Exonerado por Bolsonaro após uma polêmica com seu filho Carlos , o ex-ministro da Secretaria Geral da Presidência, Gustavo Bebbiano, afirma que os filhos do presidente são "muito mimados" e que os do ex-presidente Luiz Inácio Lula da Silva "não atrapalhavam tanto". 

Em entrevista ao jornal Folha de S.Paulo , Bebianno afirmou que o vereador Carlos Bolsonaro tem "perfil um tanto quanto bipolar" e instabilidade emocional muito forte. Questionado sobre a indicação do deputado Eduardo Bolsonaro para a embaixada do Brasil nos Estados Unidos, o ex-ministro afirmou que o presidente dá "um péssimo exemplo". 

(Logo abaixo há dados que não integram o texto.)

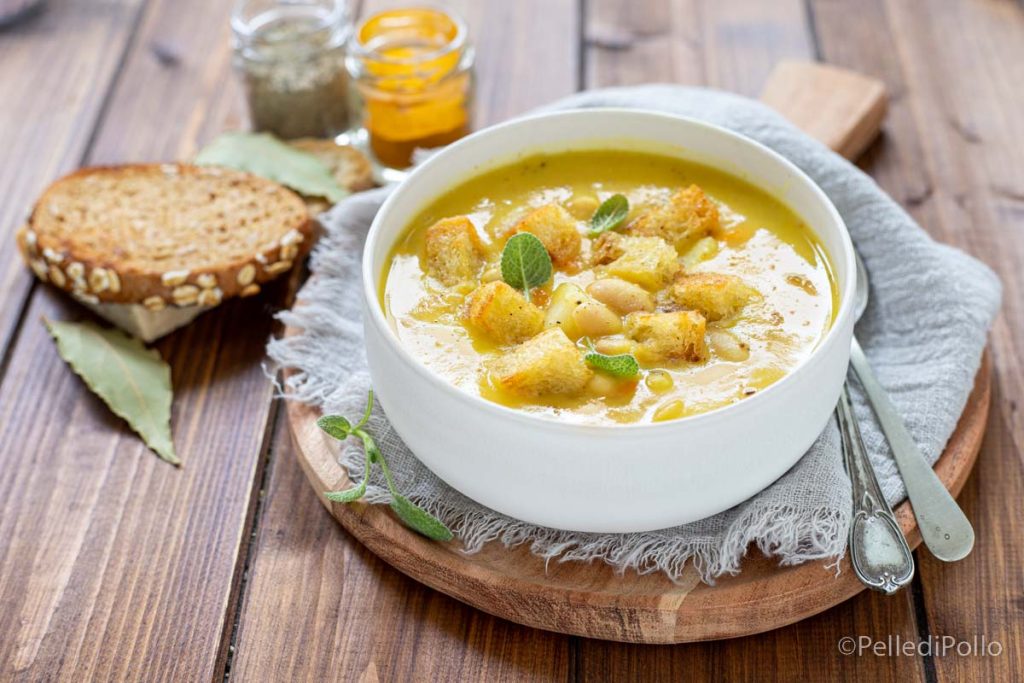 sopa de patatas y alubias blancas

"O capitão confunde o papel de pai biológico com 'pai' de uma nação. É um péssimo exemplo. O Eduardo não faz ideia do papel de um embaixador, não fala sequer o idioma. Bolsonaro sabe que ele não tem qualificação", afirmou. 

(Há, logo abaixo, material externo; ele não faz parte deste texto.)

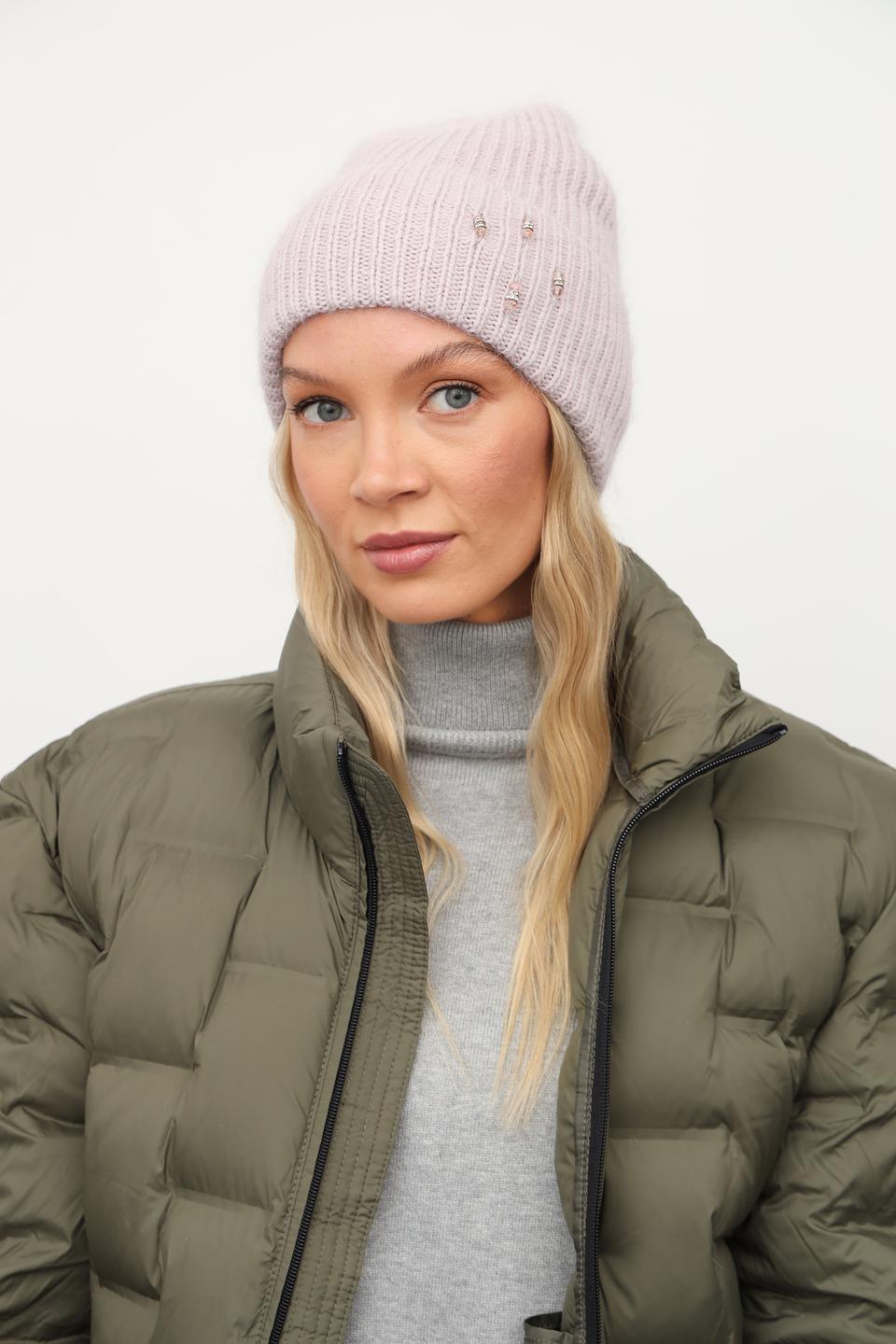 Шапка Julia Florenzi с бусинами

"Um rapaz muito jovem, muito mimado. Aliás, os três são mimados. Ao contrário do que se fala, 'Capitão, criou os filhos'. São mimados. Ele faz o que eles querem", disse. "[A indicação] é um grande equívoco do ponto de vista estratégico. O presidente coloca no colo eventuais problemas diplomáticos e transforma questões de Estado em pessoais", argumentou o ex-ministro à Folha

Bebianno afirmou ainda que o filho mais velho de Bolsonaro , o senador Flávio, cometeu "suicídio político" ao pedir que a Justiça suspenda as investigações sobre ele. "O eleitorado da família Bolsonaro deve se questionar: Se não há nada de errado, por que fazer tanta questão de ocultar e não permitir que venham à tona as movimentações bancárias?", perguntou. "Até aqui não me parece que o Flávio fez nada de errado, mas…"

Para Bebbiano,  Bolsonaro tentou "distorcer sua imagem" após a  exoneração e fez com que parecesse "um traidor". O ex-ministro diz ainda que, após eleito, Bolsonaro se mostrou arrogante, autoritário e agressivo, e que, atualmente, se porta mais de candidato do que como presidente. "Com sete meses de governo, tudo o que ele pensa é na reeleição". 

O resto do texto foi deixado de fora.